# Cancun Area December 3 - 8



## am1 (Nov 7, 2016)

Looking for a place in Cancun/Playa Del Carmen for December 3 - 8 or part of that.  Needs to sleep 5.  

Was hoping one of the Wyndham resorts would come through but so far nothing.  We do not want all inclusive as we will be doing that the week before.


----------



## elleny76 (Nov 28, 2016)

am1 said:


> Looking for a place in Cancun/Playa Del Carmen for December 3 - 8 or part of that.  Needs to sleep 5.
> 
> Was hoping one of the Wyndham resorts would come through but so far nothing.  We do not want all inclusive as we will be doing that the week before.
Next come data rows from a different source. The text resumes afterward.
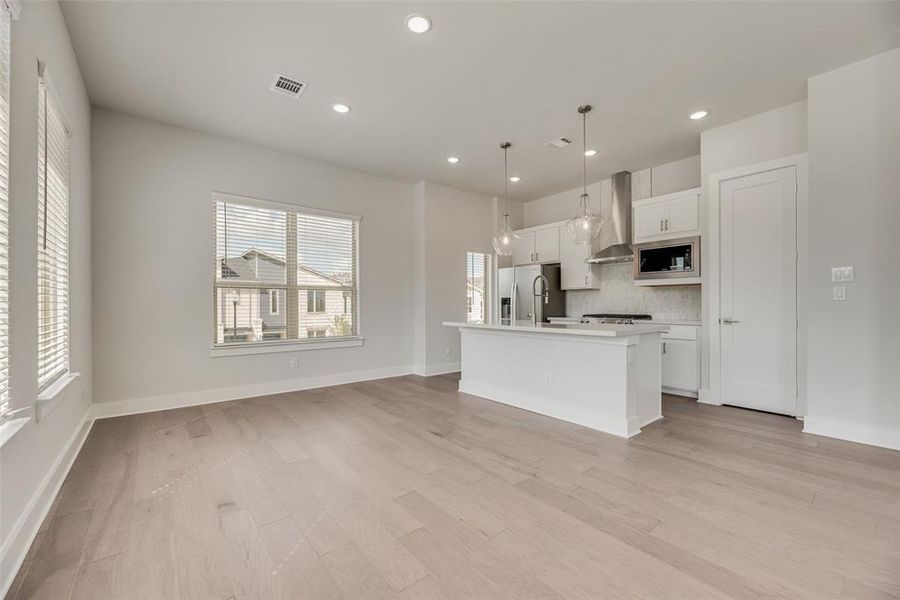 Spacious, unfurnished interior of a new home in Collin Creek, Plano (Image 23).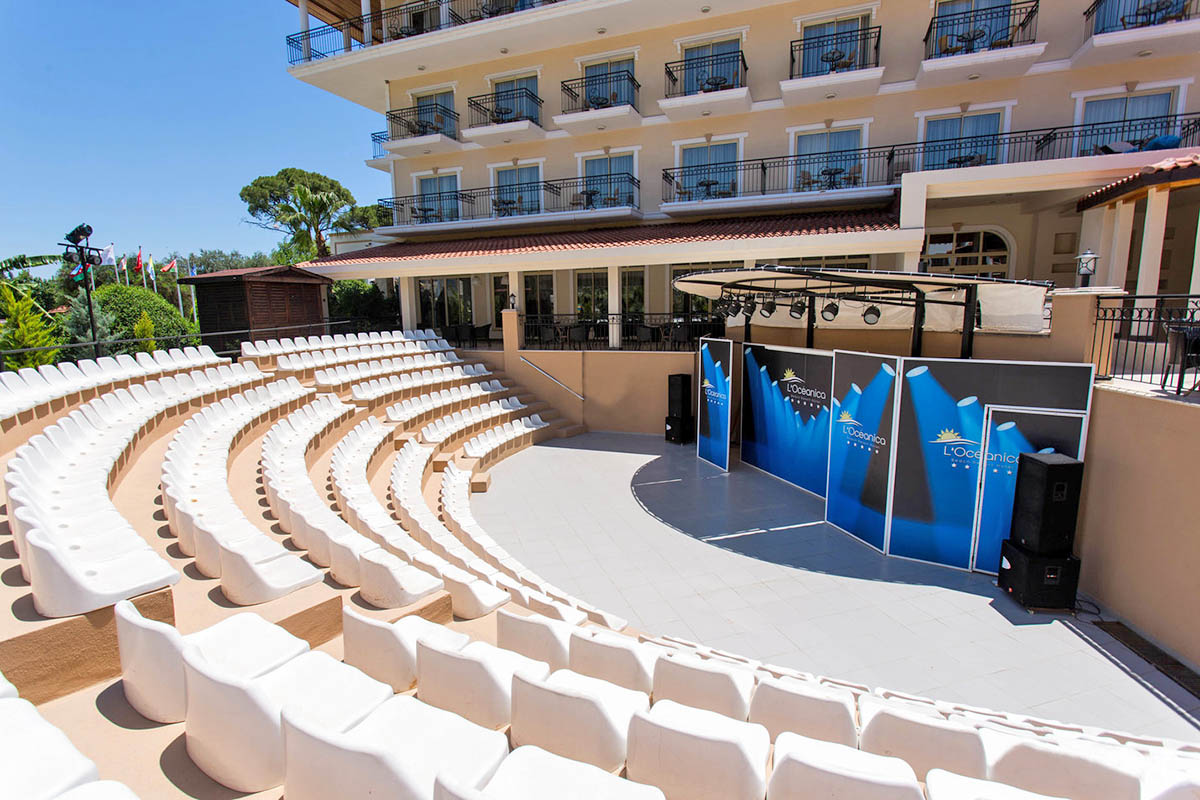 cheap resort hotels to Spend holiday with family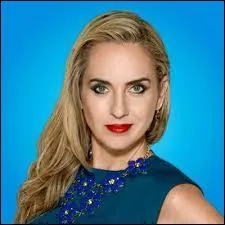 Qui est cette femme ?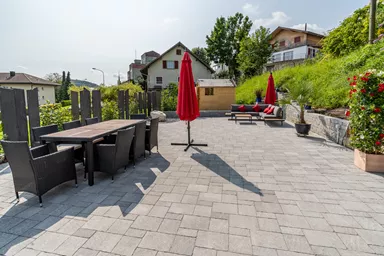 FRIEDA FORMATO Pflasterstein perlgrau strukturiert Kanten gebr. L 10, 20, 30 cm B 20 cm H 7 cm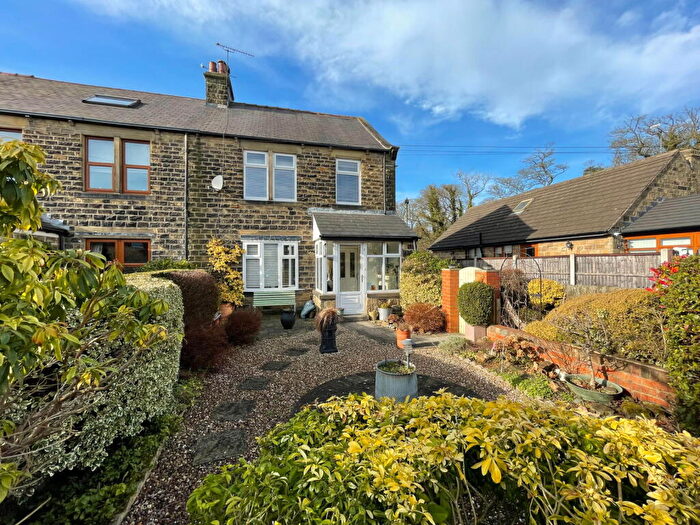 3 Bedroom End Of Terrace House For Sale In Bents Street, Penistone, S36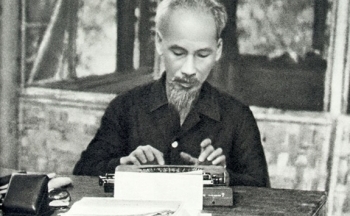 Xây dựng Nhà nước tự chủ, kinh tế tự cường và hội nhập quốc tế đưa đất nước 'hóa rồng' theo di sản Hồ Chí Minh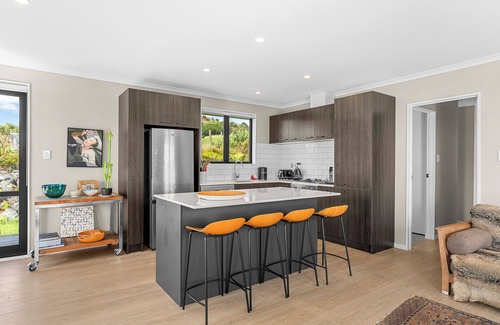 Mangawhai House | The Olive Hut - Mangawhai Holiday Home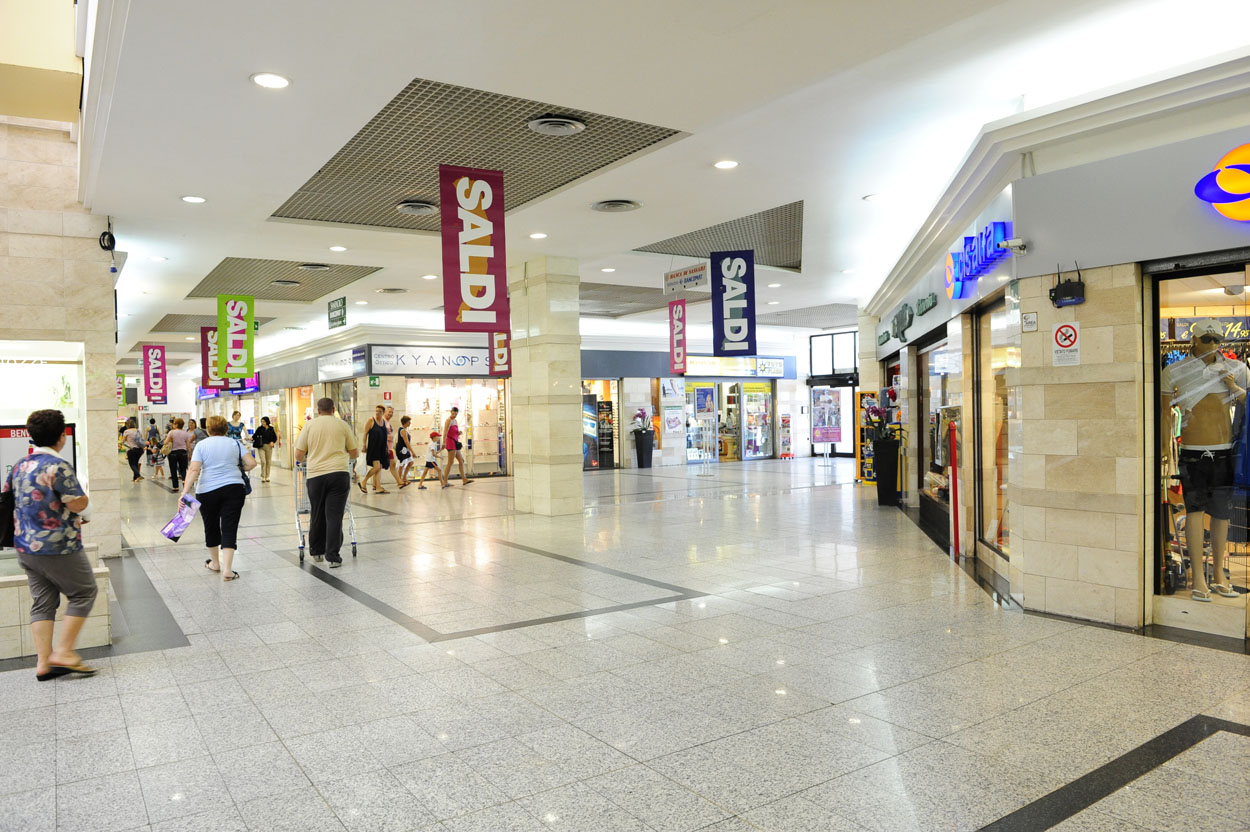 Grande distribuzione, +32% di esercizi in 10 anni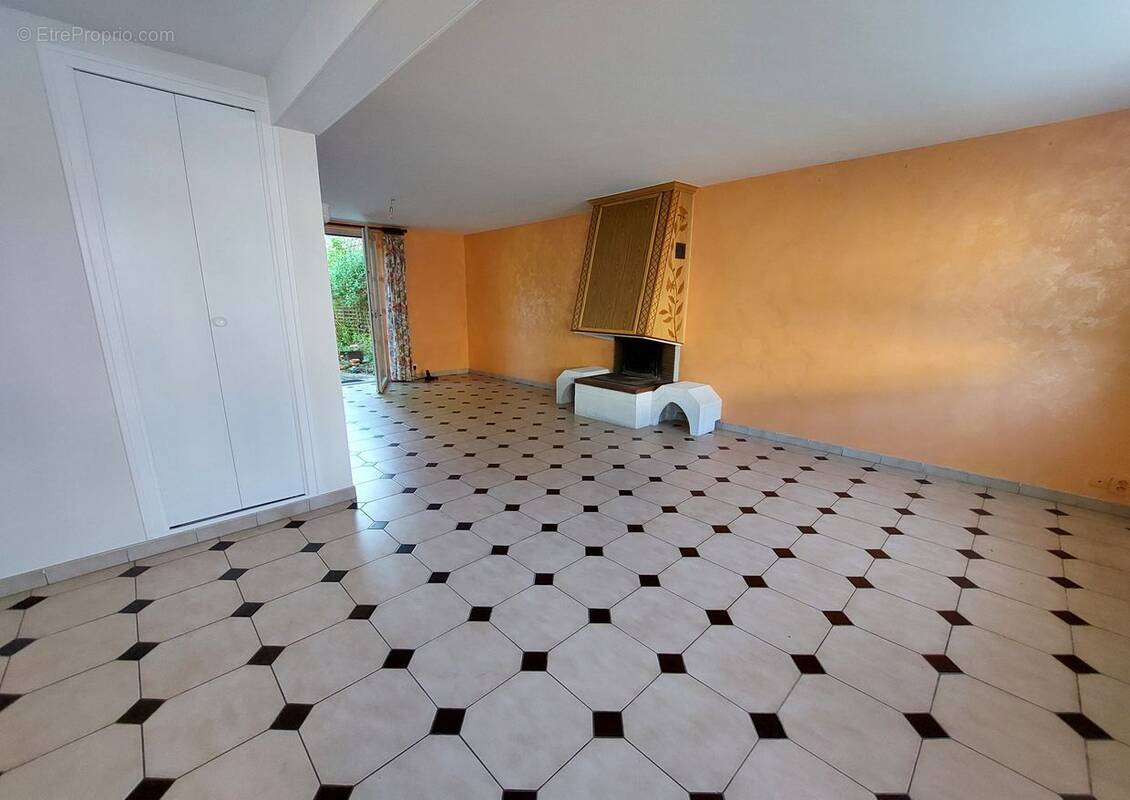 Maison à SAINT-BARTHELEMY-D&#039;ANJOU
Hi, I didn't know wyndham has resorts in Cancun?  Can you please share the names ..thanks


----------



## dioxide45 (Nov 28, 2016)

There are some 2BR Grand Mayan Riviera Maya available in II getaways for only $799. Cheaper if you are gold or platinum.


----------



## T-Dot-Traveller (Nov 28, 2016)

Same or similar units are on RCI this morning - 21 TPU 

Am1 - these were not there when you originally posted . There were just a couple of master suites( hotel rooms)

I think Vidanta updated their reservation "book"/ occupancy level , in a similar manner to airlines or hotels - and adds units that are "developer deposits "
on an ongoing basis . 

Hope you already found something


----------